**Records to process:**
───
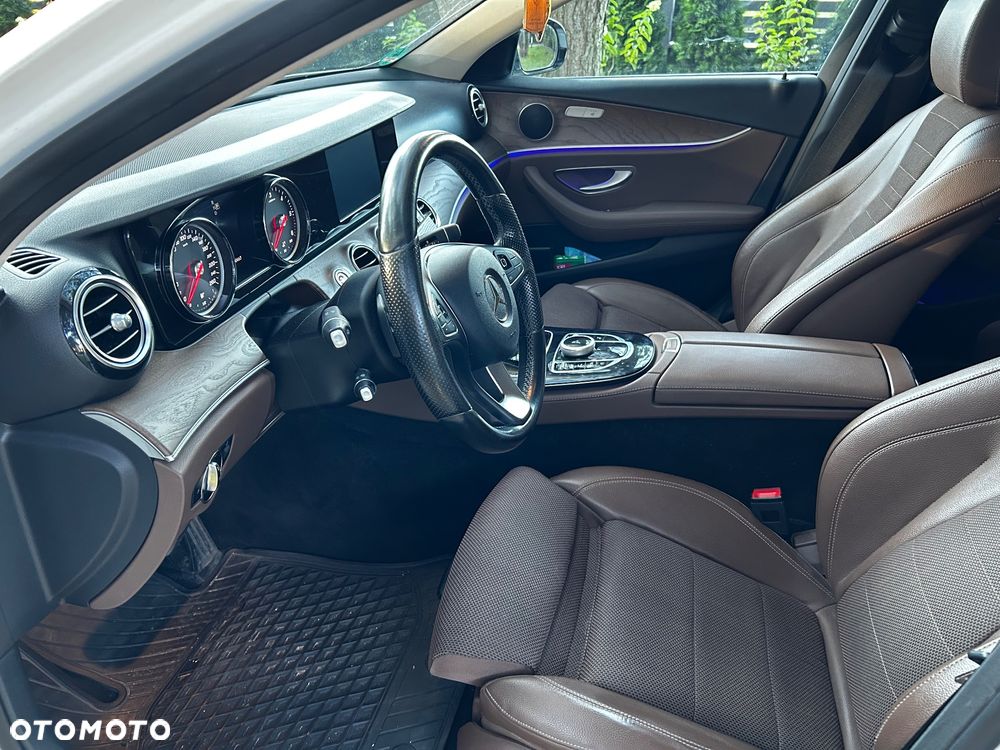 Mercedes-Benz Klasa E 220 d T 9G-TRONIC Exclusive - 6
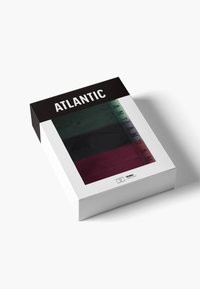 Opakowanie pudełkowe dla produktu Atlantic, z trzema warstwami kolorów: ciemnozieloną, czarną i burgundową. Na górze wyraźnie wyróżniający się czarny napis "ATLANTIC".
───
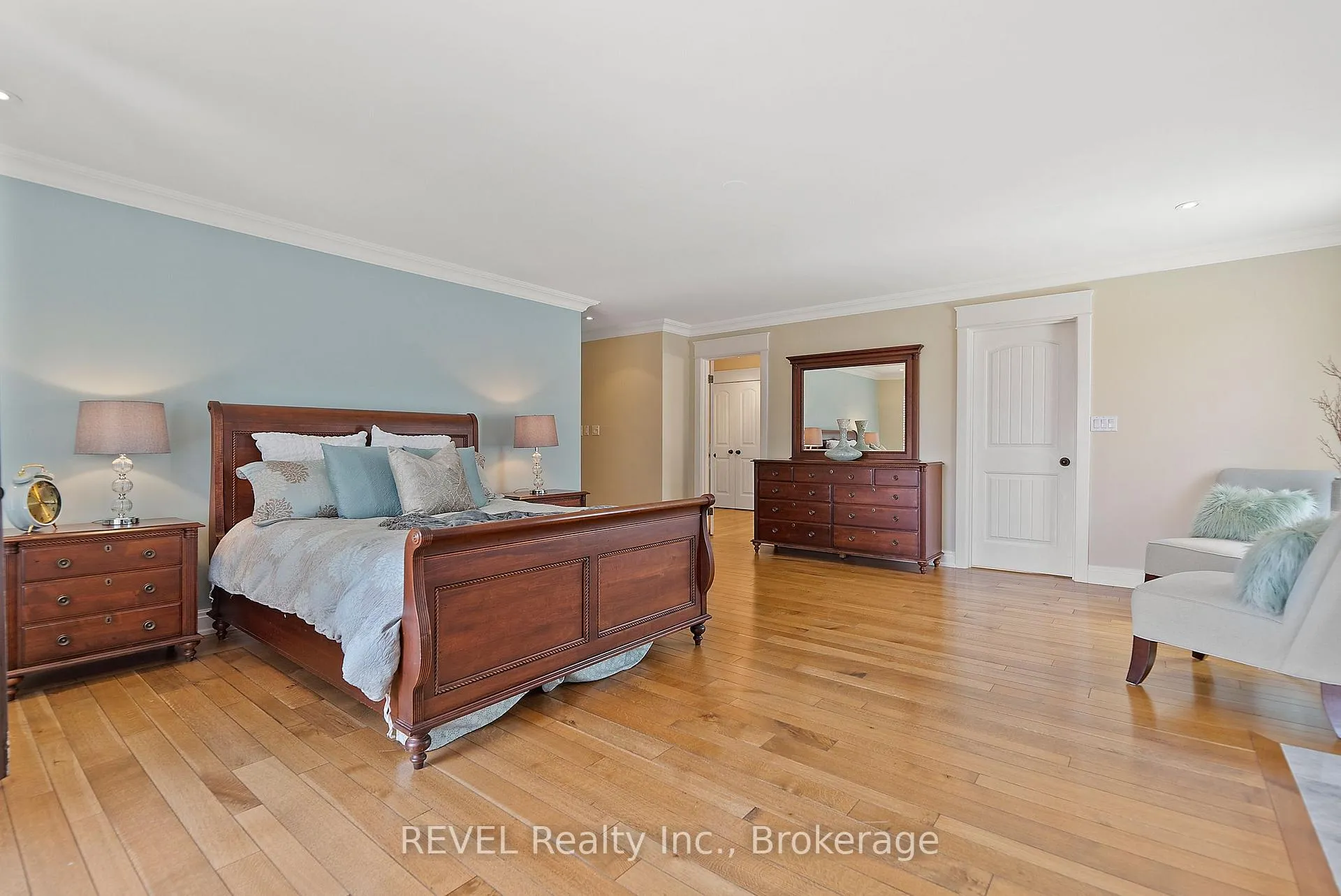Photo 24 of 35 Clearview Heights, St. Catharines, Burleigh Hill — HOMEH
───
**Exercise goal:**
In the records above, find the line containing "Mercedes-Benz Klasa E" and the line containing "Opakowanie pudełkowe dla", then give both of them again word for word along with every line between. Omit any pictures.

**Solution:**
 Mercedes-Benz Klasa E 220 d T 9G-TRONIC Exclusive - 6
 Opakowanie pudełkowe dla produktu Atlantic, z trzema warstwami kolorów: ciemnozieloną, czarną i burgundową. Na górze wyraźnie wyróżniający się czarny napis "ATLANTIC".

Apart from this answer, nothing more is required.